▸ Task instructions
Leave out the images and repeat the listing below without a single change.

▸ Recorded data
----------
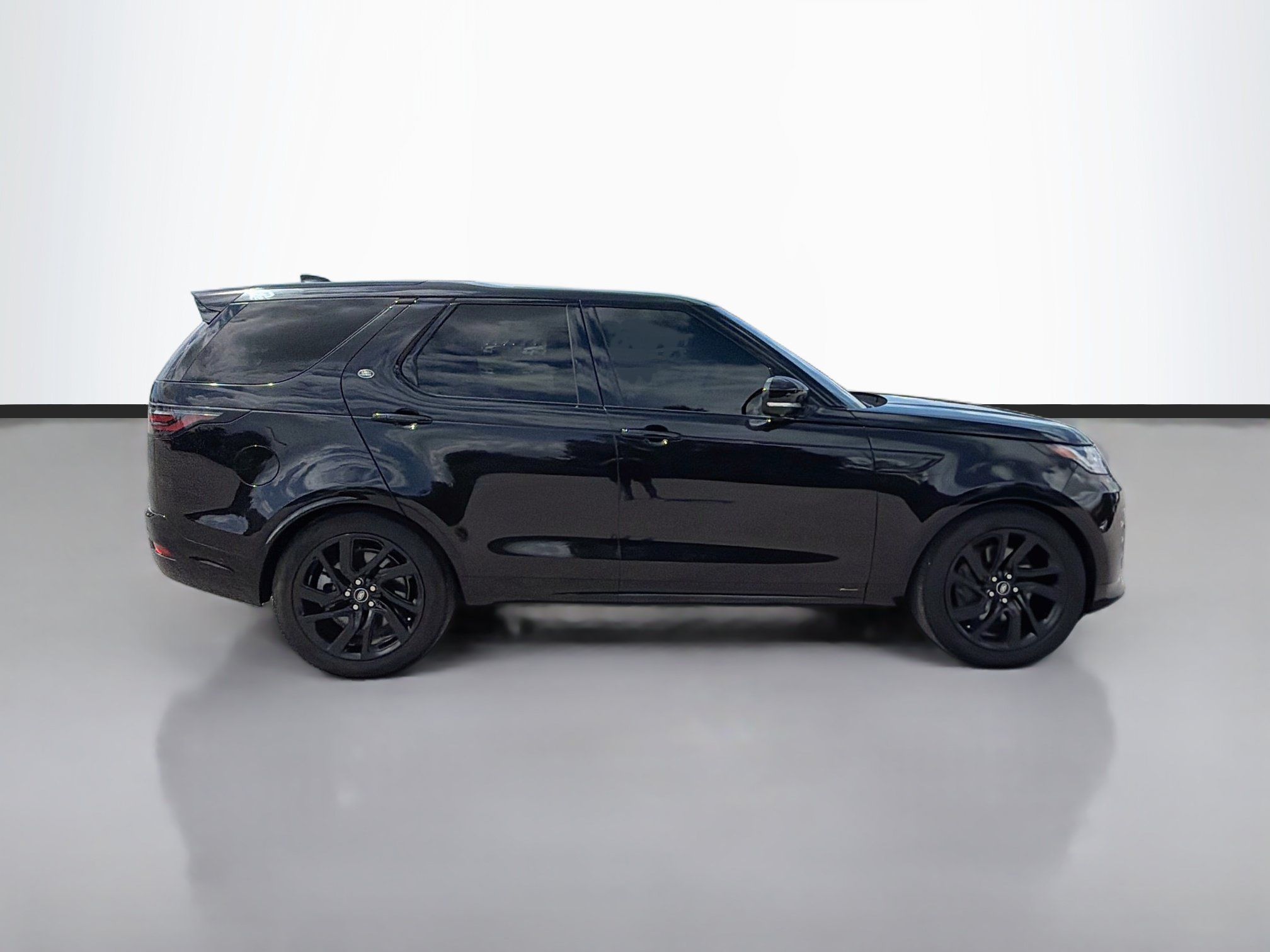 Used 2022 Land Rover Discovery S R-Dynamic AWD/4WD image 6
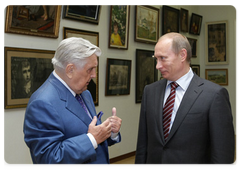 Prime Minister Vladimir Putin congratulating artist Ilya Glazunov on his 79th birthday during a visit to his gallery|10 june, 2009|19:28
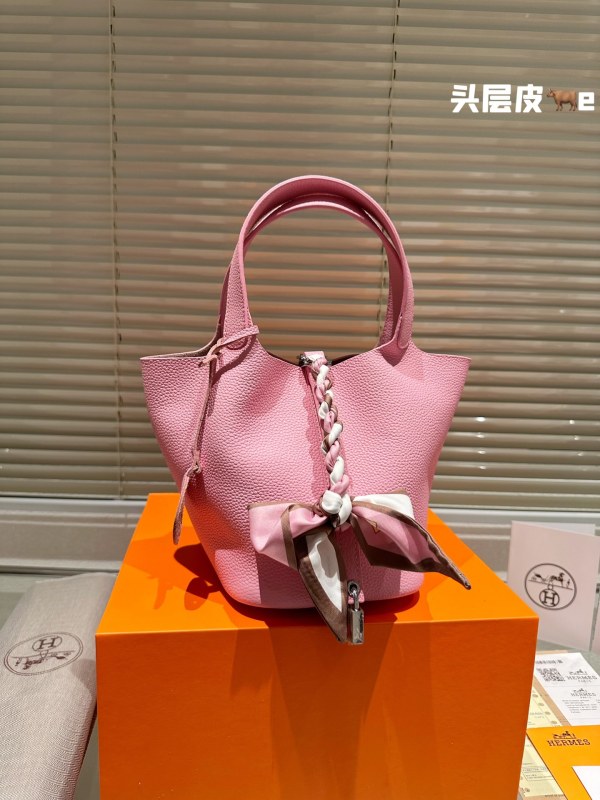 Hermès Picotin Leather Handbag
----------
▸ Completed task
 Used 2022 Land Rover Discovery S R-Dynamic AWD/4WD image 6
 Prime Minister Vladimir Putin congratulating artist Ilya Glazunov on his 79th birthday during a visit to his gallery|10 june, 2009|19:28
 Hermès Picotin Leather Handbag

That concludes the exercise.